I highly suggest you stop avoiding it because it will most likely be faster and easier to do something (i.e. system-level changes) with it than not.
- If you want a hard-to-fuck-up distro, I think Atomic (at least that’s what Fedora calls them) distros are the best.
Similar to smartphones or MacOS, entire OS is a singular image that is also updated all at once. Core parts of the filesystem is also read-only, meaning it is pretty much impossible to mess things up if you don’t mean to do so deliberately.
The best in this regard are from uBlue project: Bazzite (most popular), Bluefin, Aurora, etc. While Bazzite is intended for gaming (things like Steam are pre-installed), the other are for general use. Bluefin uses GNOME desktop, while Aurora has KDE Plasma desktop environment. Look up their visuals and choose whichever one you like. I prefer Aurora because KDE Plasma is often much more familiar to Windows users.
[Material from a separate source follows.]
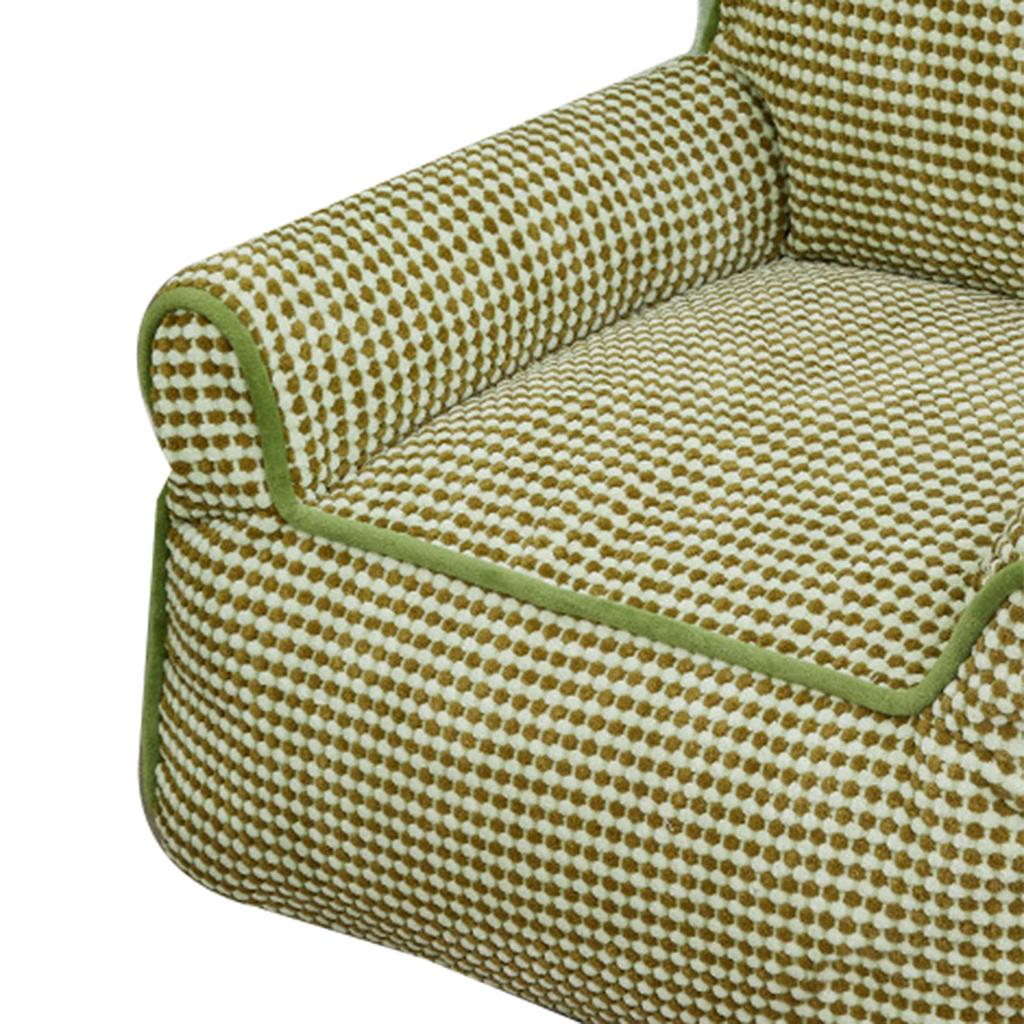 Pet Sofa All Seasons Comfortable Removable Washable Scratch Proof Modern Style Folding Cat Couch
- uBlue distros don’t require a password for system updates (they happen automatically in the background) and so do installing/updating programs.
Any one of the uBlue projects is perfect for this use case.
KDE: https://getaurora.dev/
Gnome: https://projectbluefin.io/
Gaming: https://bazzite.gg/Install and setup once, run forever. Immutable so impossible to break for a non-tech user, no package upgrades fuck-ups because updates are atomic and don’t touch the currently running system, are done in the background and are completely invisible for the user, great hardware support, based on Fedora. Regular users can only install Flatpaks through the App Store.
The only “maintenance” needed is a weekly reboot to move to the latest OS image.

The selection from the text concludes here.